Quatre biais informationnels qu’ils ne peuvent ignorer
Le premier biais : les twittos qui participent sont ipso facto acquis à la tonalité de la chaine et à son positionnement.
Le second biais : la nationalité des participants qui peuvent tout à fait être étrangers à la communauté nationale supposée être sondée.
Le troisième biais : l’utilisation de l’astroturfing, une contrefaçon des mouvements d’opinion en utilisant des bots, qui peuvent entrer en action, notamment lors de sondages politiques.
Le quatrième biais : la typologie des personnes qui sont sur twitter. C’est le plus tangible et le plus problématique que je vais vous exposer.
Il suffit de se pencher sur les chiffres pour se rendre compte de l’absurdité absolue de ces sondages qui, même si les médias s’en défausseront, façonnent insidieusement les opinions publiques. En France, Twitter est le cinquième réseau social avec environ 12 millions d’utilisateurs. Loin d’être négligeable, ce chiffre pourrait servir à accréditer une forme de représentativité, si et seulement si nous n’allions pas plus avant !
Au mieux une non-information, au pire de la désinformation
Pour sonner une fois pour toutes le glas de toute interprétation pouvant faire sens, la synthèse « Twitter : les chiffres essentiels France et Monde » publiée par Digimind qui s’appuie sur de nombreuses sources et études indiscutables (Étude Harris Interactive 2019-2020, Socialbakers – July 2020 Social Marketing Report France, etc.) pointe par exemple qu’en 2020, 60 % des utilisateurs de Twitter en France étaient des hommes, 40 % des femmes. En 2021, 66,5 % des utilisateurs de Twitter en France sont des hommes, 33,5 % des femmes.
Les utilisateurs par âge se répartissent ainsi :
- 18-24 ans : 22 %
- 25-34 ans : 25 %
- 35-44 ans : 24 %
- 45-54 ans : 20 %
- 55-64 ans : 9 %
Nonobstant les catégories d’âges, où comme vous le noterez les 55-64 ans sont sous-représentés, ces données ne sont-elles pas sans appel tant la surreprésentation des hommes y est flagrante ? À moins naturellement que ce qui fonde une opinion publique soit exclusivement masculine et se passe de l’opinion des femmes qui il n’y a pas si longtemps n’avaient ni âme ni droit de vote !
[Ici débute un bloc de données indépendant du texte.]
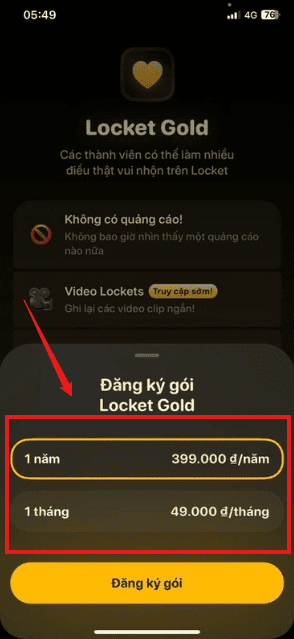 mua locket gold nhanh chóng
Si nous nous fondons sur les chiffres que j’évoque, il est peu probable que la tendance s’inverse pour le seul critère de représentativité homme-femme et qu’elle puisse s’équilibrer en 2022. Tout comme il est fort peu probable que les nombreuses personnes pouvant être concernées par les débats ouvrent un compte twitter pour améliorer un tant soit peu une forme de représentativité.
Ces éléments conduisent à l’exemple ci-dessous :
À gauche le sondage Twitter avec 7870 participants.À droite, un sondage Ifop réalisé « auprès d’un échantillon de 964 personnes, représentatif de la population française ».
Ces simples observations sont factuelles. Elles disqualifient les medias par le seul fait d’avoir recours à ces sondages qui ne sont pas à leur honneur. Les médias ne devraient-ils pas prendre leurs responsabilités ? Il est compréhensible qu’au travers de ces derniers l’objectif premier soit de créer du lien avec leurs téléspectateurs, mais l’effet extrêmement pervers est que « l’information » au sens le plus noble du terme est bafouée, mise à terre !
Cette dernière ne mérite-t-elle pas d’arrêter de persister dans cette voie sans issue ? Les résultats ayant autant de valeurs que les micro-trottoirs, à savoir aucune, mais c’est là un autre débat.